На вечерах у Лемоха гости просиживали долго. Подавался легкий ужин, шли оживленные разговоры, в которых не допускались только "осуждение брата своего" и уклонение в сторону большой откровенности в легком жанре, который все же умело проводился Волковым, душой дамского общества. Он вел разговор с таким расчетом и такой умеренностью, что даже щепетильный Кирилл Викентьевич не особенно протестовал, хотя говаривал: "Ах, уж этот Ефим Ефимович! вечно он болтает!"
А дамы приставали: "Еще, еще, продолжайте дальше, Ефим Ефимович!"
Лемох уходил тогда в другую комнату, ворча добродушно: "Опять он болтает, болтает бог знает что!"
Однажды на вечере у Лемоха вспоминали о маринисте Иване Константиновиче Айвазовском. Оказалось, что Кирилл Викентьевич, будучи студентом, одно время работал со своим товарищем у Айвазовского, и о нем рассказывал нам так.
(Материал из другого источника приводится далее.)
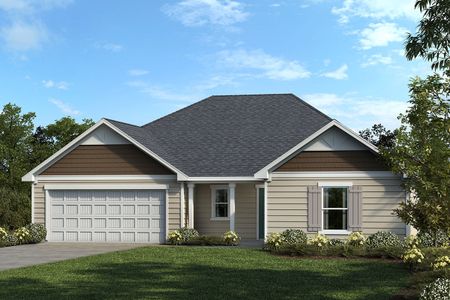New construction Single-Family house 121 Saint Clair Drive, Fuquay Varina, NC 27526 - photo 6 6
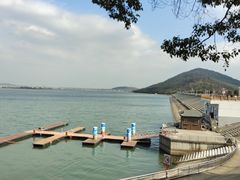 -南京金牛湖风景区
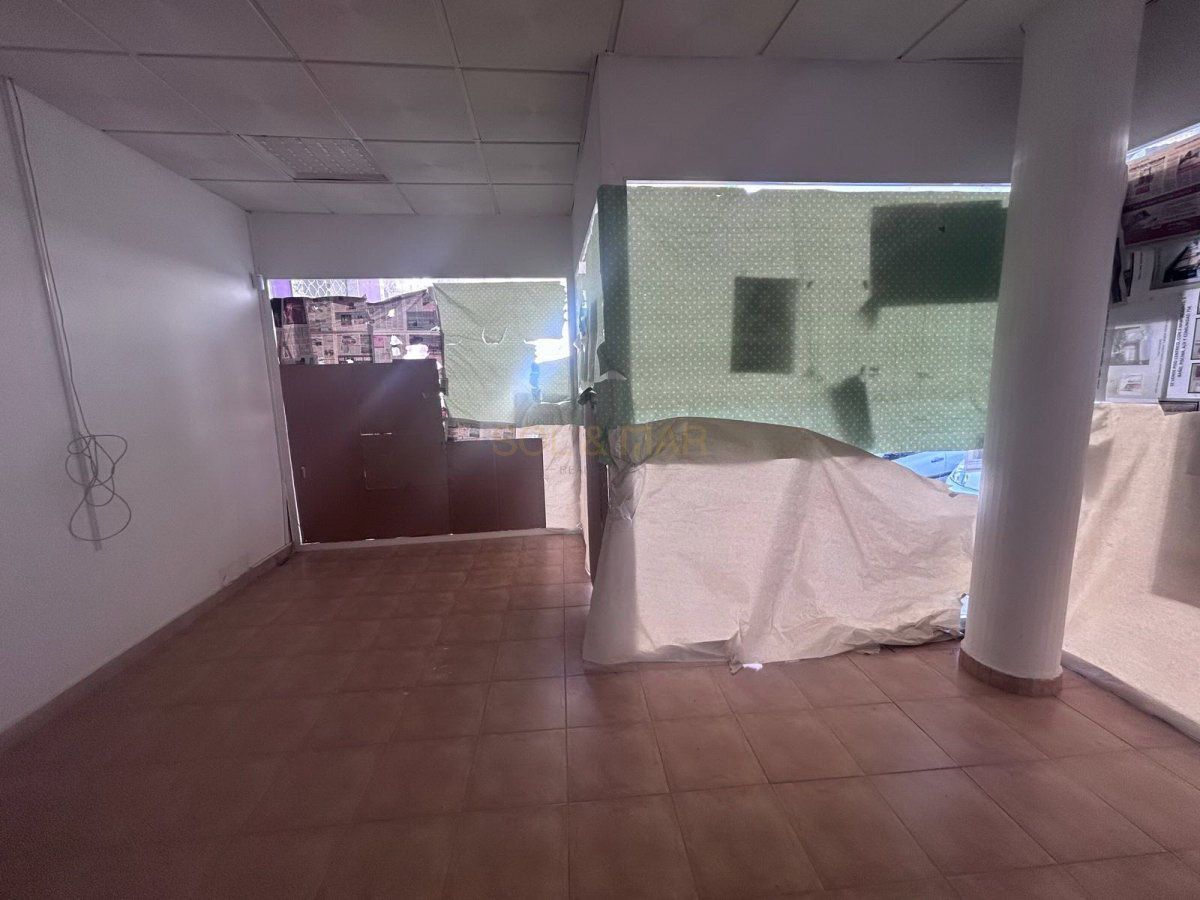 Premises to rent in Torremolinos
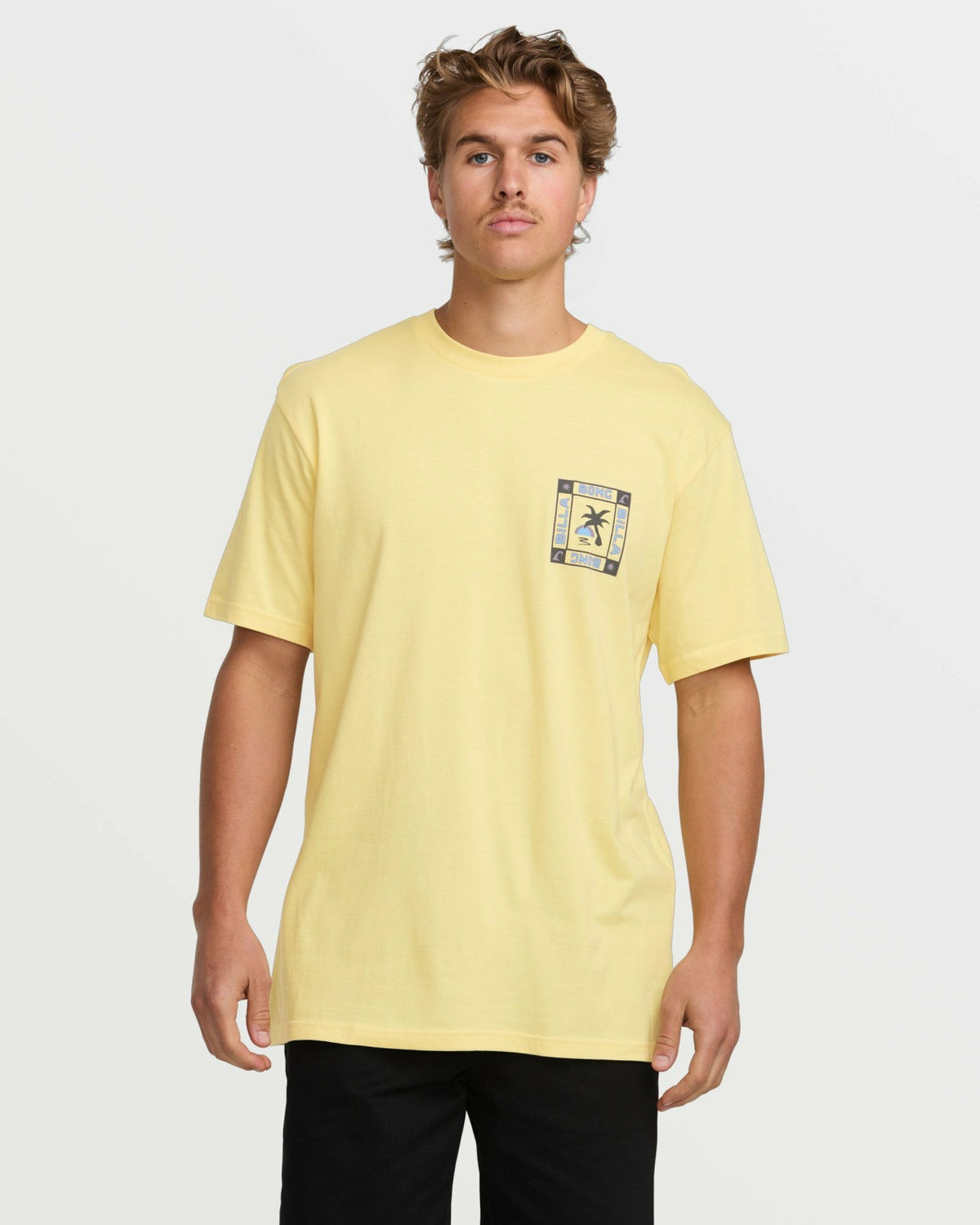 Window Premium Tee - Papaya | Billabong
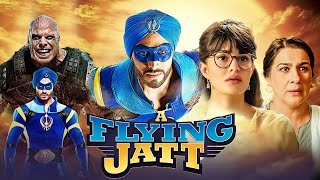 A Flying Jatt Full Movie  Tiger Shroff Jacqueline Fernandez  Remo DSouza  Facts amp Review [upl. by Barfuss]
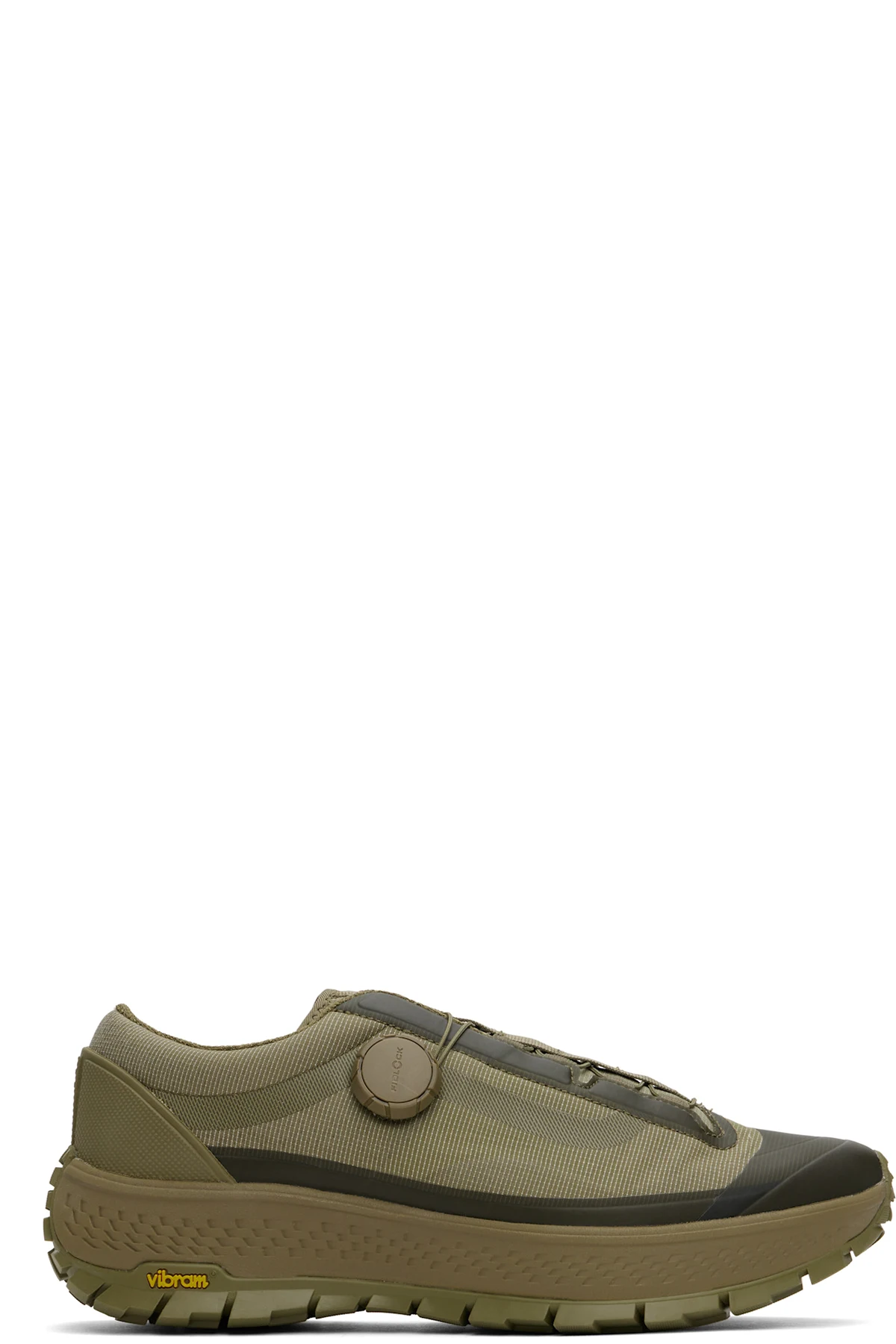 Khaki OTW Old Skool 36 Trail Vibram Sneakers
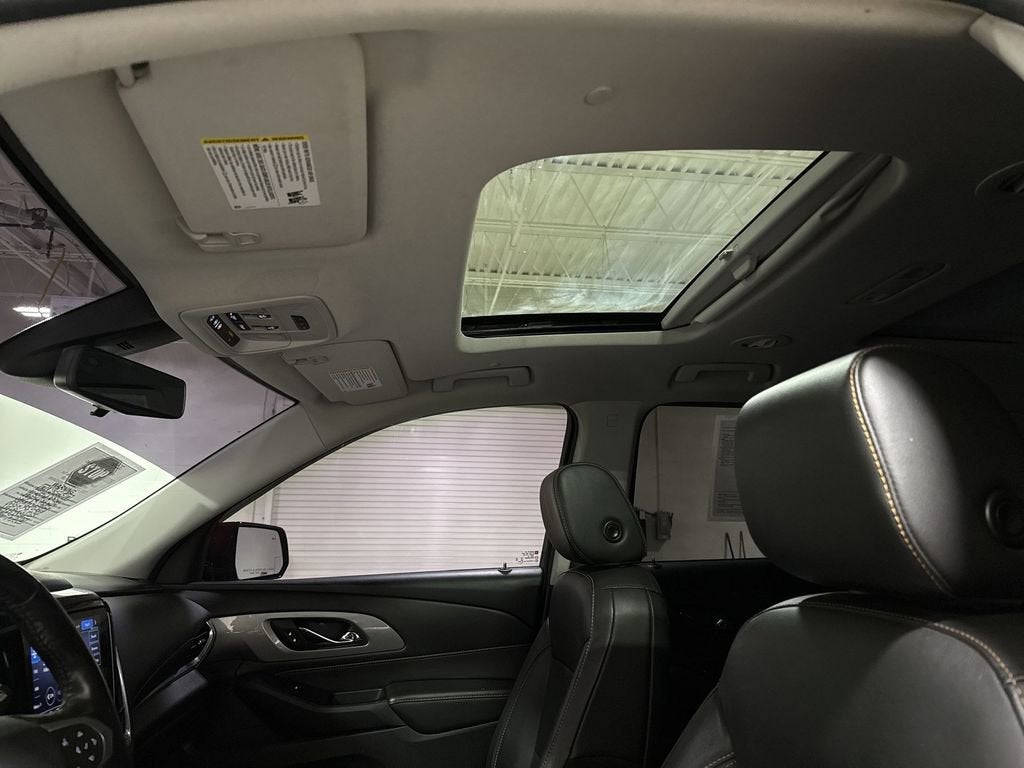 2020 Chevrolet Traverse RS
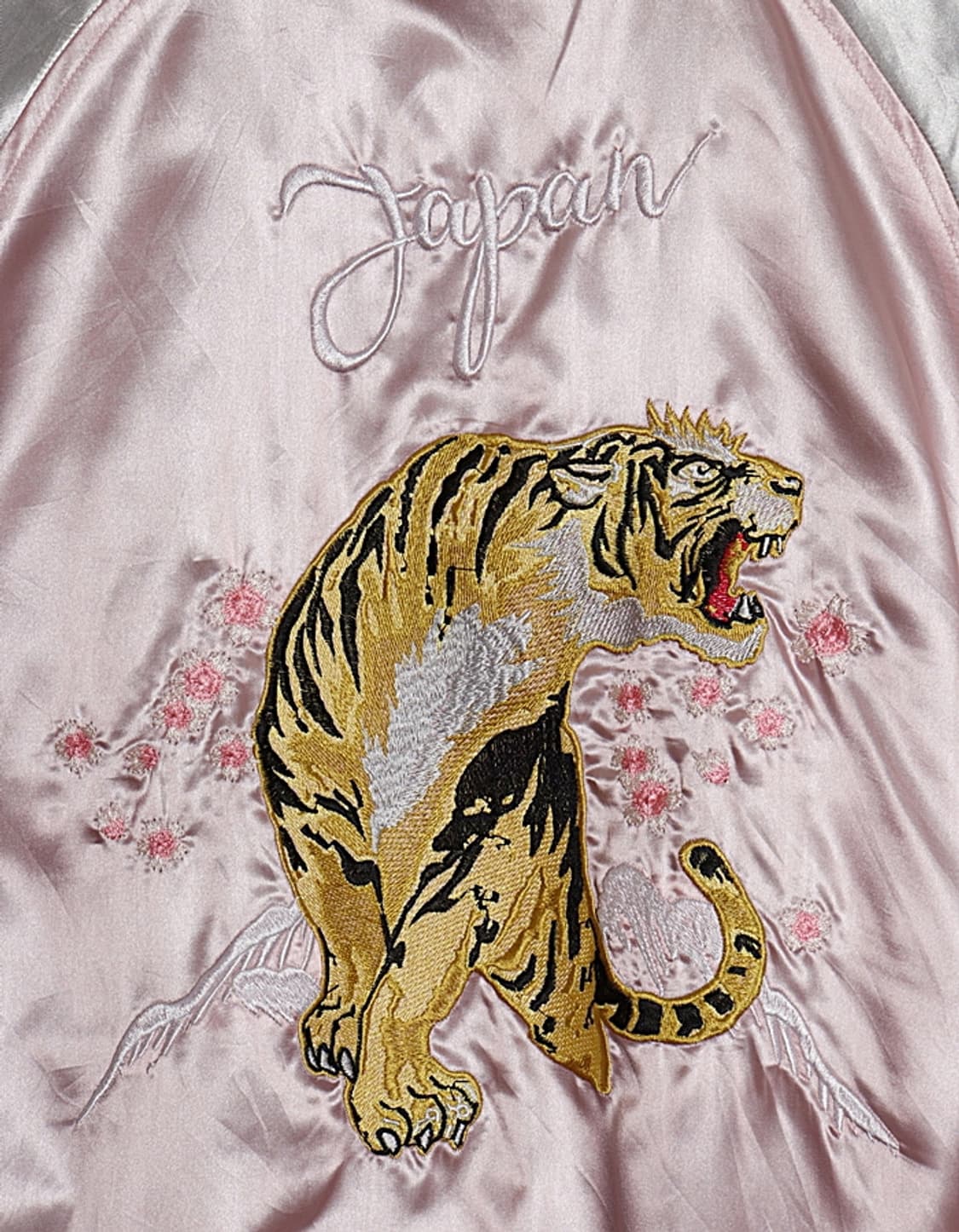 鏡花水用 Souvenir Jacket 상품이미지6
Успех Айвазовского много зависел от покровительства, которое оказывал ему император Николай I. При путешествии по морю на колесном пароходе царь брал с собой и Айвазовского. Стоя на кожухе одного пароходного колеса, царь кричал Айвазовскому, стоявшему на другом колесе:
-- Айвазовский! Я царь земли, а ты царь моря!
Николай часто обращался к своим приближенным с вопросами: знакомы ли они с произведениями Айвазовского и имеют ли что-либо из них у себя?
После таких вопросов всякий из желания угодить царю старался побывать в мастерской знаменитого мариниста.